Here, in the embodiment, the roll rigidity ratio between the front wheel and the rear wheel is changed by using the warp control indicated by KW in FIG. 2, and the coefficient value for determining the roll rigidity ratio is: Second
It becomes RW of the transfer characteristic in the figure (corresponding to the roll rigidity control unit).
Then, the transfer characteristic RW as this coefficient value is corrected by the KP in FIG. 2 corresponding to the control amount of the pitching suppression (corresponding to the correction unit).

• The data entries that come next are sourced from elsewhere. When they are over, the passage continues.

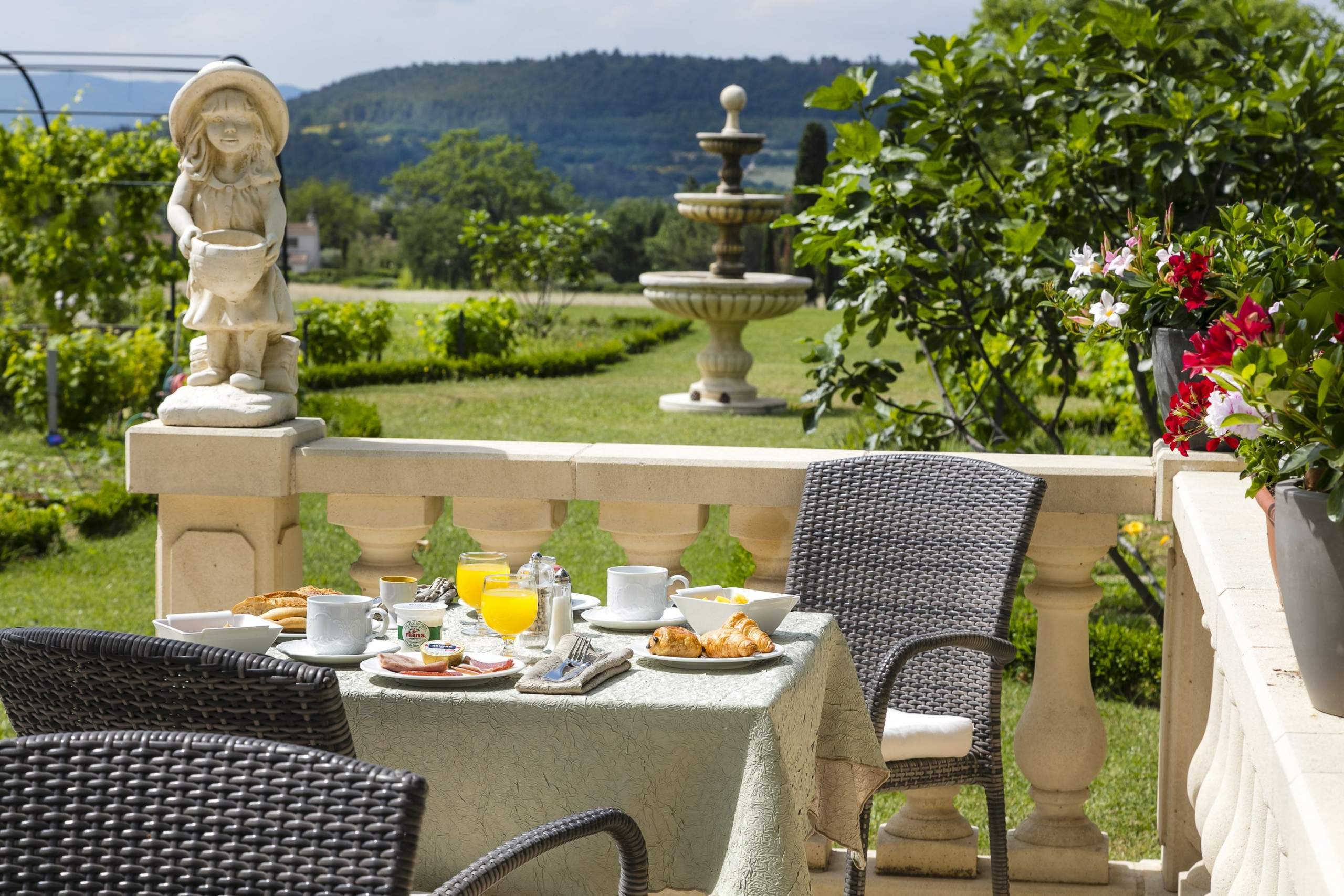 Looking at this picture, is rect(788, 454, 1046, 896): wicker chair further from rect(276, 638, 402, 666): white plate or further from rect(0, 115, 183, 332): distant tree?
rect(0, 115, 183, 332): distant tree

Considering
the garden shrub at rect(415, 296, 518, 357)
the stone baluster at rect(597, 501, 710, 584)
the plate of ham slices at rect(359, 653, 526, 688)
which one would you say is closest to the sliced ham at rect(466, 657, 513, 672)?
A: the plate of ham slices at rect(359, 653, 526, 688)

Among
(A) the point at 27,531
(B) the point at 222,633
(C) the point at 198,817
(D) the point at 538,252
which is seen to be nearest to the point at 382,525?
(B) the point at 222,633

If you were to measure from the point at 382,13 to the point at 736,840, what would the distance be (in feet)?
328

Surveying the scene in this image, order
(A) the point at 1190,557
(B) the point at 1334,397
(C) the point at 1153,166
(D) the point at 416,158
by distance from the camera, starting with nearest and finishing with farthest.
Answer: (B) the point at 1334,397, (A) the point at 1190,557, (C) the point at 1153,166, (D) the point at 416,158

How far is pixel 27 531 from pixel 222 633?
686 cm

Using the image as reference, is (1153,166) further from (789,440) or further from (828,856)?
(789,440)

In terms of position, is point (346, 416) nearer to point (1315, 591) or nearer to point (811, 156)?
point (1315, 591)

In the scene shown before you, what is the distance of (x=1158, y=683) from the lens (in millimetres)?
5785

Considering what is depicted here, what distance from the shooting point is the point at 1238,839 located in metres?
2.14

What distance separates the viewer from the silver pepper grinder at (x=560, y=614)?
7.68 ft

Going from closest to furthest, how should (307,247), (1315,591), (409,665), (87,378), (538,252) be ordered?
(1315,591) < (409,665) < (87,378) < (538,252) < (307,247)

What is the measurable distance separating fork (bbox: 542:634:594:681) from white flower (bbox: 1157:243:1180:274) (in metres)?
1.35

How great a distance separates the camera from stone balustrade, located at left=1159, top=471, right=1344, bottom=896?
125cm

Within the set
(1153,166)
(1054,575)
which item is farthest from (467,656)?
(1153,166) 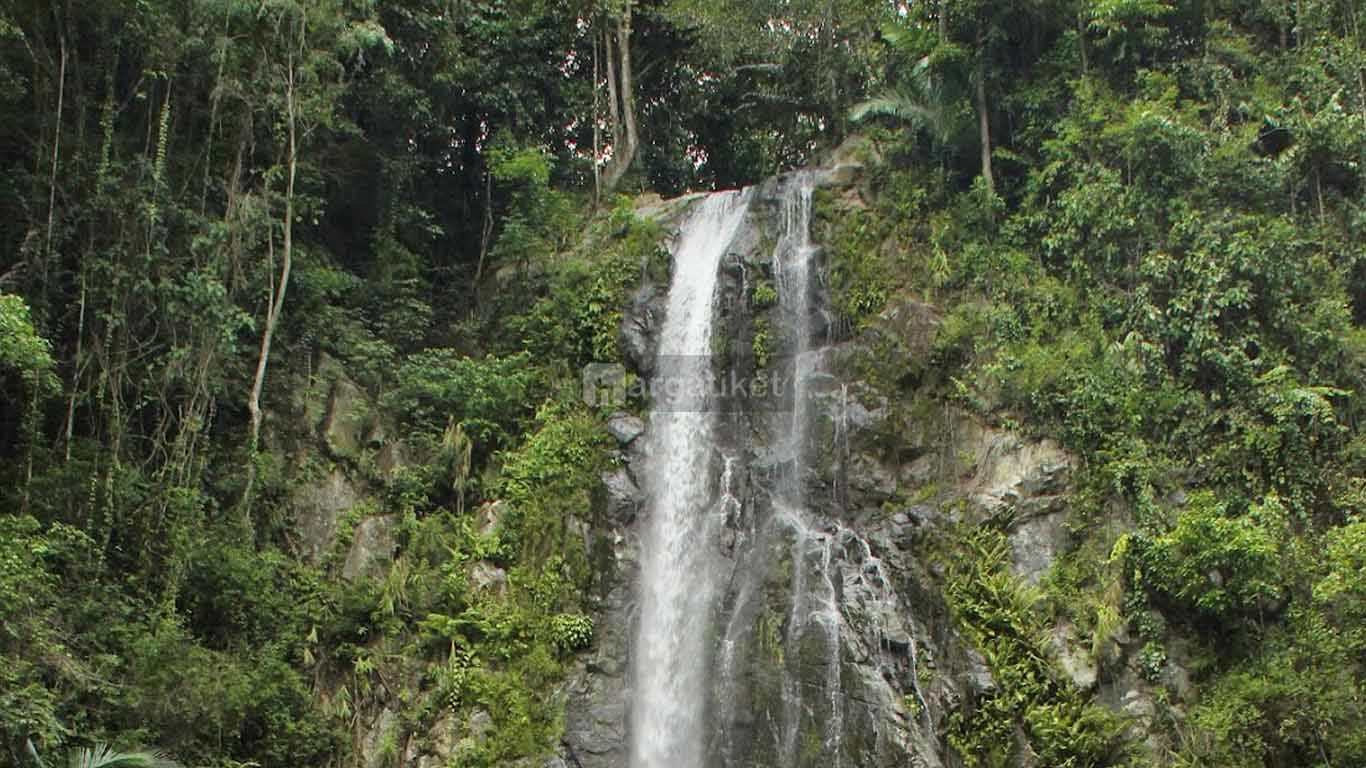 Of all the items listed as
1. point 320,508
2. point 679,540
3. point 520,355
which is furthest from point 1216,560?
point 320,508

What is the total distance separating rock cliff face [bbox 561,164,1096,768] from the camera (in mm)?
12242

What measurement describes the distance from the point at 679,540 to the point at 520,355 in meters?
4.24

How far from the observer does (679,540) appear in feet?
48.7

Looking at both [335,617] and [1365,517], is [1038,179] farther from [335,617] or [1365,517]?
[335,617]

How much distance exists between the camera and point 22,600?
10.0m

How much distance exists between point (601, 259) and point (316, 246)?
4625 mm

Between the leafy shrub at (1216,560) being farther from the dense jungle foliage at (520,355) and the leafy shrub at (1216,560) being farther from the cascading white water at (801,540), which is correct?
the cascading white water at (801,540)

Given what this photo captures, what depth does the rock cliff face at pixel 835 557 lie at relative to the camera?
12.2 meters

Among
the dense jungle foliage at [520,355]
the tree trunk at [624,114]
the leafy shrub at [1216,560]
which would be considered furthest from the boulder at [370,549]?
the tree trunk at [624,114]

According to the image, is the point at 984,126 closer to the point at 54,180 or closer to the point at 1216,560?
the point at 1216,560

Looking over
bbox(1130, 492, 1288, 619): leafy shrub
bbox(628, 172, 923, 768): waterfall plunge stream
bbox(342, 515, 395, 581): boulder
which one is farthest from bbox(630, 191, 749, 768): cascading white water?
bbox(1130, 492, 1288, 619): leafy shrub

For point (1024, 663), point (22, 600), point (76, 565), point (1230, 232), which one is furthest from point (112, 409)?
point (1230, 232)

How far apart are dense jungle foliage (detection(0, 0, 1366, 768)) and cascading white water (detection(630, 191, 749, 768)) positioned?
0.87 metres

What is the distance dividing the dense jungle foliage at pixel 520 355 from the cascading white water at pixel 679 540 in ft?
2.87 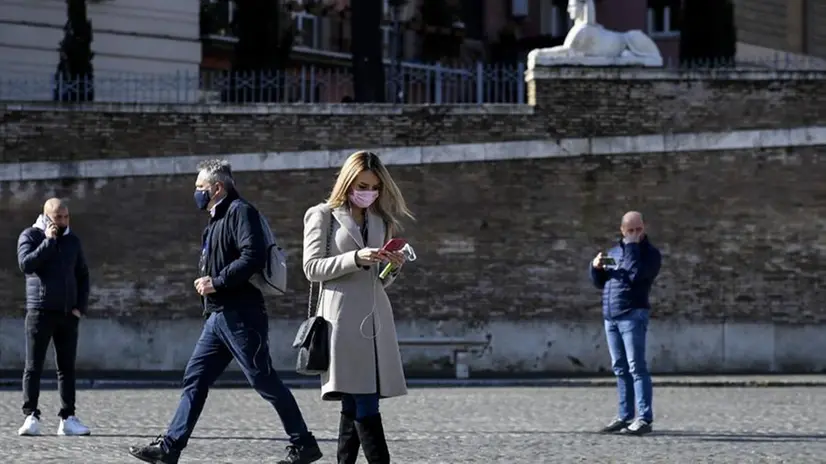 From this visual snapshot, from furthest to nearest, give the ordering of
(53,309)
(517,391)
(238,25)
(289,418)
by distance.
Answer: (238,25), (517,391), (53,309), (289,418)

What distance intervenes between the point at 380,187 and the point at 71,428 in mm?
5303

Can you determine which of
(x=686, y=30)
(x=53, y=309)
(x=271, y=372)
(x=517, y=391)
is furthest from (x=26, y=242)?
(x=686, y=30)

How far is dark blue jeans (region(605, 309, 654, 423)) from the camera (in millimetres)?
14875

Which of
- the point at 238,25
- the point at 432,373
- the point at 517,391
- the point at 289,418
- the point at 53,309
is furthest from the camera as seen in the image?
the point at 238,25

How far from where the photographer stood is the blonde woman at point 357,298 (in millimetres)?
9680

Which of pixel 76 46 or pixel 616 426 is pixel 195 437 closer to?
pixel 616 426

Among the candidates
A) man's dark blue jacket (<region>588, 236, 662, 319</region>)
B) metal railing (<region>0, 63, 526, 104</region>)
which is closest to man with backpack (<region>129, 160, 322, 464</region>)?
man's dark blue jacket (<region>588, 236, 662, 319</region>)

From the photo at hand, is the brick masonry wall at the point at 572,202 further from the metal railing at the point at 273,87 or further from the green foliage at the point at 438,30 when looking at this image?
the green foliage at the point at 438,30

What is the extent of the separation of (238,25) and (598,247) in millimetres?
8030

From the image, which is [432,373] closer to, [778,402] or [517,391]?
[517,391]

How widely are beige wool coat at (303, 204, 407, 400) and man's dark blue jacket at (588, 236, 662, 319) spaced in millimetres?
5467

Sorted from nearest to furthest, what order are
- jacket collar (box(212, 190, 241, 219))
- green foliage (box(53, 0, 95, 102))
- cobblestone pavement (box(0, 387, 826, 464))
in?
jacket collar (box(212, 190, 241, 219))
cobblestone pavement (box(0, 387, 826, 464))
green foliage (box(53, 0, 95, 102))

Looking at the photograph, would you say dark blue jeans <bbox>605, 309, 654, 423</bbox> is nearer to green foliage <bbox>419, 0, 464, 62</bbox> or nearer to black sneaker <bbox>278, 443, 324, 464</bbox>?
black sneaker <bbox>278, 443, 324, 464</bbox>

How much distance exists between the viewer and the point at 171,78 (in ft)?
83.7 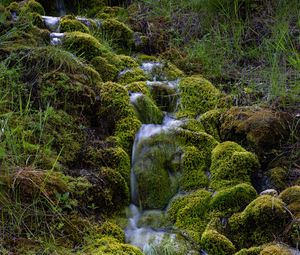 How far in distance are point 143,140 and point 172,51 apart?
1.99 m

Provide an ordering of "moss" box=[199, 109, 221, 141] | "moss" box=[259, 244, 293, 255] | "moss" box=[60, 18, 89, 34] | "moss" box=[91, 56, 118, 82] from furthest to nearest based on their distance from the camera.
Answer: "moss" box=[60, 18, 89, 34], "moss" box=[91, 56, 118, 82], "moss" box=[199, 109, 221, 141], "moss" box=[259, 244, 293, 255]

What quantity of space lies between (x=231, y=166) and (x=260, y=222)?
22.9 inches

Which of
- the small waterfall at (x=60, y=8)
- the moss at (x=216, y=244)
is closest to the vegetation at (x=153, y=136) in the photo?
the moss at (x=216, y=244)

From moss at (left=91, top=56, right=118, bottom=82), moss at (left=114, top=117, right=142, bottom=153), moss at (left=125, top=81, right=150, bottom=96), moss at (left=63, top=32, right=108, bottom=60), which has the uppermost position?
moss at (left=63, top=32, right=108, bottom=60)

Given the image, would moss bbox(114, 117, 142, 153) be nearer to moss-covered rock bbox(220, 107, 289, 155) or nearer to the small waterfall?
moss-covered rock bbox(220, 107, 289, 155)

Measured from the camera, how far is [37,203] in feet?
8.55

[Brief description of the drawings]

 1 is an overall system diagram in the embodiment, FIG. 2 is a block diagram in the embodiment, FIG. 3 is a target dynamic spring characteristic diagram in the embodiment, and FIG. 4 is a characteristic diagram of a transfer function. 1: Suspension device 2: Cylinder 8: Gas spring 30: Pump 46: Accumulator 48: Flow control valve 60: Control unit 62: Load sensor 64: High pass filter (differential filter) 66: Control circuit 68: Pressure sensor

Continuation of the front page (72) Inventor Shoichi Uemura 3-1, Shinchi, Fuchu-cho, Aki-gun, Hiroshima Prefecture Mazda Co., Ltd. (56) References JP-A-60-64014 (JP, A) JP-A-60-199181 ( JP, A) JP-A-58-206409 (JP, A) JP-A-61-193908 (JP, A) JP-A-61-181713 (JP, A) JP-A-60-163104 (JP, U)

Claims (1)

(57) [Claims] A suspension apparatus for a vehicle in which a suspension characteristic is controlled by supplying and discharging a working liquid to and from a liquid cylinder provided between a vehicle body and wheels via a control valve. Roll change detecting means for outputting a signal related to the change; pitching change detecting means for outputting a signal related to the pitching change of the vehicle body; and inputting a signal from the roll change detecting means to prevent a roll change of the vehicle body. A roll control unit for calculating a control amount of the liquid to be supplied to and discharged from the liquid cylinder; and a signal from the pitching change detecting means being input to control the liquid to be supplied to and discharged from the liquid cylinder so as to prevent a pitching change of the vehicle body. A pitching control unit for calculating an amount, and adding a predetermined coefficient value to the control amount calculated by the roll control unit. By changing the control amount to the wheels, a roll stiffness control unit having a predetermined relationship between the roll stiffness ratios of the front and rear wheels, and inputting signals from the roll stiffness control unit and the pitching control unit, Supply / discharge control means for controlling the supply / discharge of liquid to / from each liquid cylinder by adding a control amount; and setting the coefficient value of the roll rigidity control unit to a roll of the front wheel as the control amount of the pitching control unit increases. And a correction unit that corrects the rigidity to be smaller than the roll rigidity of the rear wheel.